Entries provided:
◇ ◇ ◇ ◇
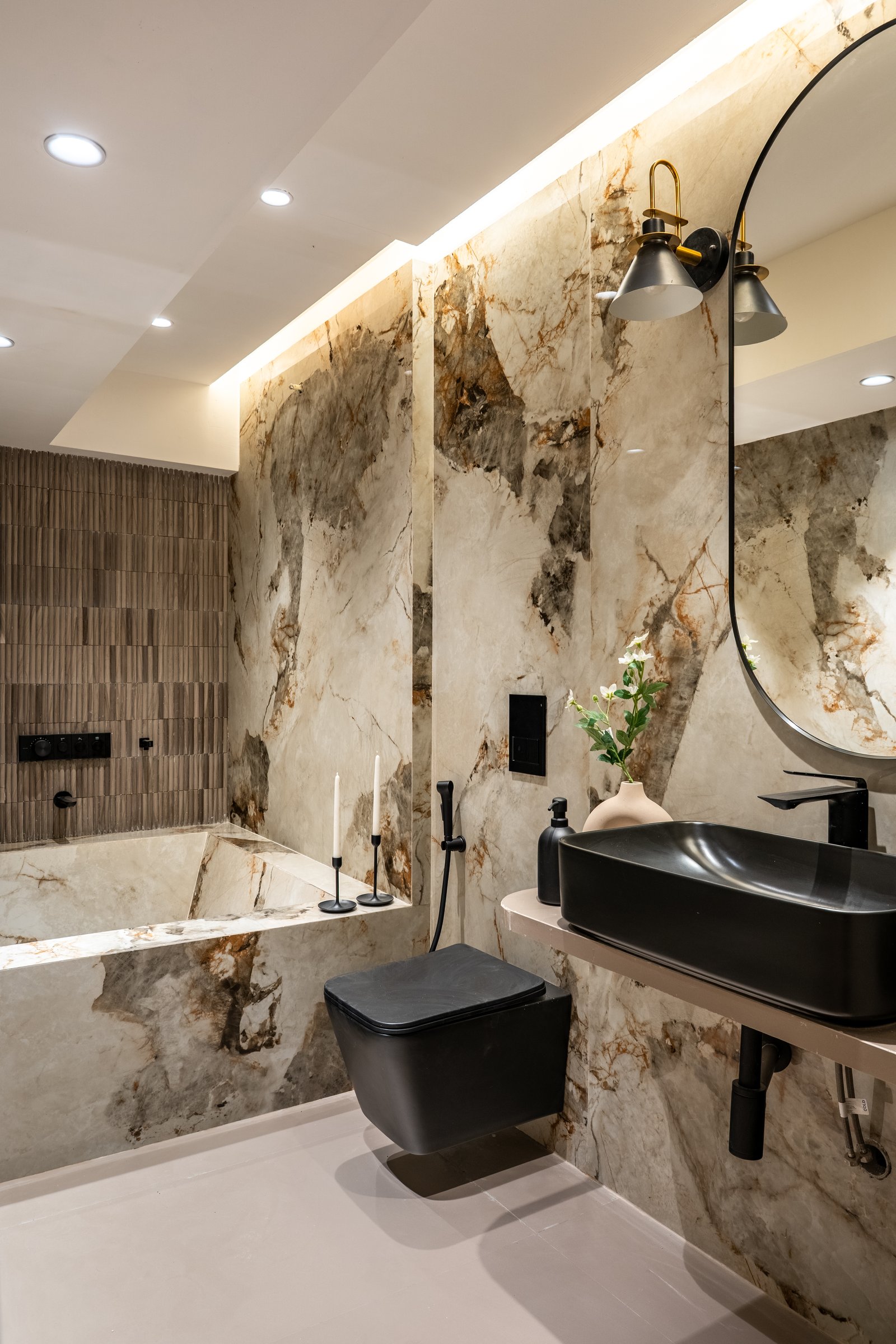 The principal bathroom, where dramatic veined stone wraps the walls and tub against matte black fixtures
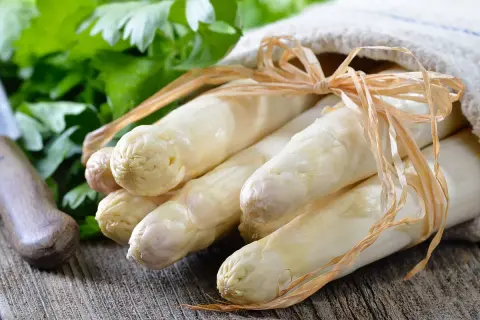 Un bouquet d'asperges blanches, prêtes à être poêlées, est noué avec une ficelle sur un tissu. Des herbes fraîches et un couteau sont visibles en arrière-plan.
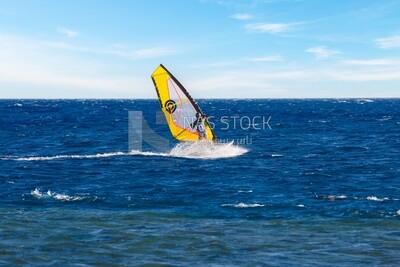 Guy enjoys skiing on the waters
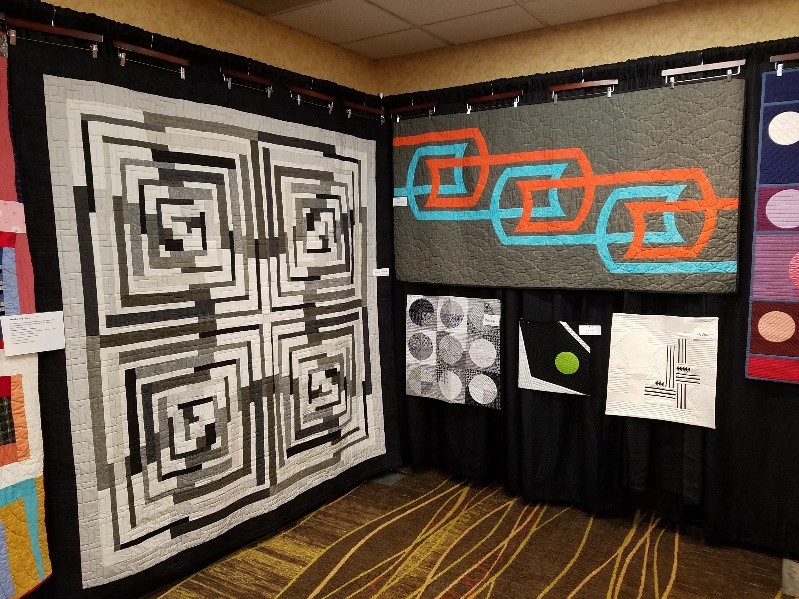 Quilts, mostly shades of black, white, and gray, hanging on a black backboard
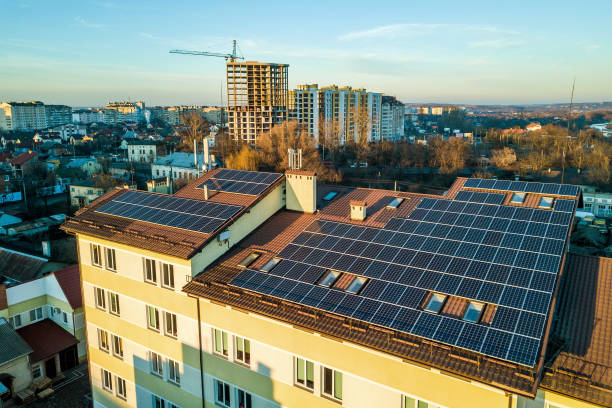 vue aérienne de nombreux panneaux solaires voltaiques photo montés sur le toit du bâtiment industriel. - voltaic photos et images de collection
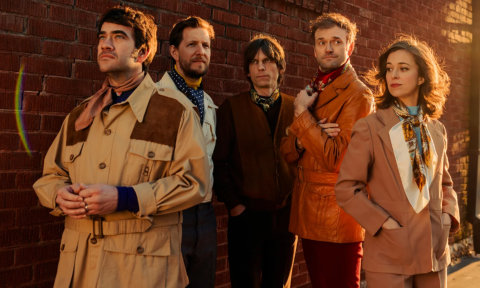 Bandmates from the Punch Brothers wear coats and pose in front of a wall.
◇ ◇ ◇ ◇
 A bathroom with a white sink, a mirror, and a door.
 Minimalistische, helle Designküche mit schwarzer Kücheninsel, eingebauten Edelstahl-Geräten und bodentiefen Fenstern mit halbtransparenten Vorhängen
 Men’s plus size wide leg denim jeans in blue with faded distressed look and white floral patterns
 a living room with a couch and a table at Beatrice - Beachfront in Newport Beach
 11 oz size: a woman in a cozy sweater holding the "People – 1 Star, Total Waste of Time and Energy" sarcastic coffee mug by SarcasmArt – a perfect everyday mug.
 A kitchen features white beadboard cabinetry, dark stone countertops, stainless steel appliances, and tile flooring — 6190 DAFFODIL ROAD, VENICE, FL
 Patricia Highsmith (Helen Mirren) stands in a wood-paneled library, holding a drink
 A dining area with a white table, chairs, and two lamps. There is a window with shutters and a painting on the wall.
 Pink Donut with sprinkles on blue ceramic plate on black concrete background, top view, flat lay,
◇ ◇ ◇ ◇
Task goal: Look through the entries and work out how many lines have the word "blue" in them; reply with that number only.

Output: 2